[Dataset items]
☆ ☆ ☆ ☆ ☆

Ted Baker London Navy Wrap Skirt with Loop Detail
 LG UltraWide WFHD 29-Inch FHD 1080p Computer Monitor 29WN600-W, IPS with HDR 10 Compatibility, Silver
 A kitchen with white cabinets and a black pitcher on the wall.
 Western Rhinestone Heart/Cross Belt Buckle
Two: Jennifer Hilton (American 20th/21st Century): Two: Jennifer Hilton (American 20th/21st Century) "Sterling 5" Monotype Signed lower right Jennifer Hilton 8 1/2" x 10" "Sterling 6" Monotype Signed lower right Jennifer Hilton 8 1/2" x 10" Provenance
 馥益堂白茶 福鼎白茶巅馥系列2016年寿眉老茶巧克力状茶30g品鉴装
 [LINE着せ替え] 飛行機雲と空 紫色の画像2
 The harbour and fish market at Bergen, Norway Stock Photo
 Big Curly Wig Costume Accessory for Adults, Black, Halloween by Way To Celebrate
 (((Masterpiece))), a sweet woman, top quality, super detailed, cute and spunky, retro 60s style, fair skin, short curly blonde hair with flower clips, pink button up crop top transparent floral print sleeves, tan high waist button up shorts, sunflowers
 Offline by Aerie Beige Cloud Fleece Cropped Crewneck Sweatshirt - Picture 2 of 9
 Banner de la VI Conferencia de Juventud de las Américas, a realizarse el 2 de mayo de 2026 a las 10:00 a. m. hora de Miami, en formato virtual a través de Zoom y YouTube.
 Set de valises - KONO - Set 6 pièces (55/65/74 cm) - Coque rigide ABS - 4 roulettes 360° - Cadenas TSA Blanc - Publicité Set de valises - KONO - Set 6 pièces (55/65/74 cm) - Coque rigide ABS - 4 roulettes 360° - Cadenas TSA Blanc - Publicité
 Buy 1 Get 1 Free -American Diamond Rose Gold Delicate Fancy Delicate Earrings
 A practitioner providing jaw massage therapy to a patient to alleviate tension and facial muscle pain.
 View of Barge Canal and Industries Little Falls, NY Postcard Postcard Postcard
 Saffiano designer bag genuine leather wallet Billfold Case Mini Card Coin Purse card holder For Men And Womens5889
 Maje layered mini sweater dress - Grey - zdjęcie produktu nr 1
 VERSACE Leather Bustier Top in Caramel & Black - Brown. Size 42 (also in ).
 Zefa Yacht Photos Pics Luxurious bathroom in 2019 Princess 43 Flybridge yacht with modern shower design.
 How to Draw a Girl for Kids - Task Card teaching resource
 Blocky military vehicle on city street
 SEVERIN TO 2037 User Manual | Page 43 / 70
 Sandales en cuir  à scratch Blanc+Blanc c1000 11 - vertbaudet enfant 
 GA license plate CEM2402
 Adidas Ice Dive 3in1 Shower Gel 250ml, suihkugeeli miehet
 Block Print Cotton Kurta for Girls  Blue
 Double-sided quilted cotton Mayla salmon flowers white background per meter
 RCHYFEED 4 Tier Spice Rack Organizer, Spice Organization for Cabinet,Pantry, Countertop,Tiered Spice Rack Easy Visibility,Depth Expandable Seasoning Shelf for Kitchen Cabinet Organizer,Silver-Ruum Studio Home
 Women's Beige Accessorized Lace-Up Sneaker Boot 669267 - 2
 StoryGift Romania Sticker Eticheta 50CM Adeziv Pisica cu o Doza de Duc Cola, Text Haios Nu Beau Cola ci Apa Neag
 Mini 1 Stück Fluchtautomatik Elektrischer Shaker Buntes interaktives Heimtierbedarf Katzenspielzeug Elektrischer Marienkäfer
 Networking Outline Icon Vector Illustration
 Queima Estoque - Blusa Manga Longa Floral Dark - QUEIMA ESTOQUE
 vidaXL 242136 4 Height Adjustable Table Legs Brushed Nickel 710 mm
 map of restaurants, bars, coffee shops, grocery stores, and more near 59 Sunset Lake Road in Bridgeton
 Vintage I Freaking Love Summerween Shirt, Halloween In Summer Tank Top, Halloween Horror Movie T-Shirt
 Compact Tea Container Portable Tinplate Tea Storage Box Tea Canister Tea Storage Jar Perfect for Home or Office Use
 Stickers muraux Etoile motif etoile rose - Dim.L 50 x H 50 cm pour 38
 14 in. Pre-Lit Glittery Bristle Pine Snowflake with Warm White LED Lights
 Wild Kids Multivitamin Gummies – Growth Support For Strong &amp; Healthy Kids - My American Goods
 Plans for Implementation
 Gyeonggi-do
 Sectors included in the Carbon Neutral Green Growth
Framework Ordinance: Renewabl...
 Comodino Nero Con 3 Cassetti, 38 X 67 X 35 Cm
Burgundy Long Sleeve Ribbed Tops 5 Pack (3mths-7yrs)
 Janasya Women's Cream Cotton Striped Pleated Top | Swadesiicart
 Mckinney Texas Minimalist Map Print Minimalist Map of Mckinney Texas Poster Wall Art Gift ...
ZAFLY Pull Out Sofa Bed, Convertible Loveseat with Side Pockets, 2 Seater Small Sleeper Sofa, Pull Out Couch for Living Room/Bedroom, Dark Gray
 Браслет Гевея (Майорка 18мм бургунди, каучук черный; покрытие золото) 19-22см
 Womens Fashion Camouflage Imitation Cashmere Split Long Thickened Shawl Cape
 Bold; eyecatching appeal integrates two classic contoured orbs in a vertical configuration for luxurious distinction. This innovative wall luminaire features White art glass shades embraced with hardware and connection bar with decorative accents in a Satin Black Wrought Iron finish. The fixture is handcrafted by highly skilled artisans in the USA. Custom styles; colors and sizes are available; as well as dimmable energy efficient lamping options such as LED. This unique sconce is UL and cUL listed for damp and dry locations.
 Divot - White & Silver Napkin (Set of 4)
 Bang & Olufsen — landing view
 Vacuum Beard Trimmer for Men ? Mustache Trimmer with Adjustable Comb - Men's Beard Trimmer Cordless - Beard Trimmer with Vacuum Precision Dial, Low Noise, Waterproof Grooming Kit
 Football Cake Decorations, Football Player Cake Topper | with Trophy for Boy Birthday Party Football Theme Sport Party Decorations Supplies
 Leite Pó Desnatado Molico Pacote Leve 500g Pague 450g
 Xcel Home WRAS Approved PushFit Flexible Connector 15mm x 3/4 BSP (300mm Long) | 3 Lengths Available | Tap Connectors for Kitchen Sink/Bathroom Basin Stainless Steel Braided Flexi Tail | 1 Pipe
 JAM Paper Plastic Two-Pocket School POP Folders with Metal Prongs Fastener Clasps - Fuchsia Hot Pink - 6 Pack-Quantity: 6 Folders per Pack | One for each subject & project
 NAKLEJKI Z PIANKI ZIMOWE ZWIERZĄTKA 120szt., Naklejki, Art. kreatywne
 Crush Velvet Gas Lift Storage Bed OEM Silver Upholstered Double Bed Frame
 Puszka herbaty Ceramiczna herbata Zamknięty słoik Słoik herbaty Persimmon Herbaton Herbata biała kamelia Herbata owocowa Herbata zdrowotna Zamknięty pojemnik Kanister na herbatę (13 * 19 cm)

☆ ☆ ☆ ☆ ☆

REQUIRED ACTION
Where a line of the entries contains the word "Growth", count it, then state the total and nothing else.

PROBLEM SOLUTION
2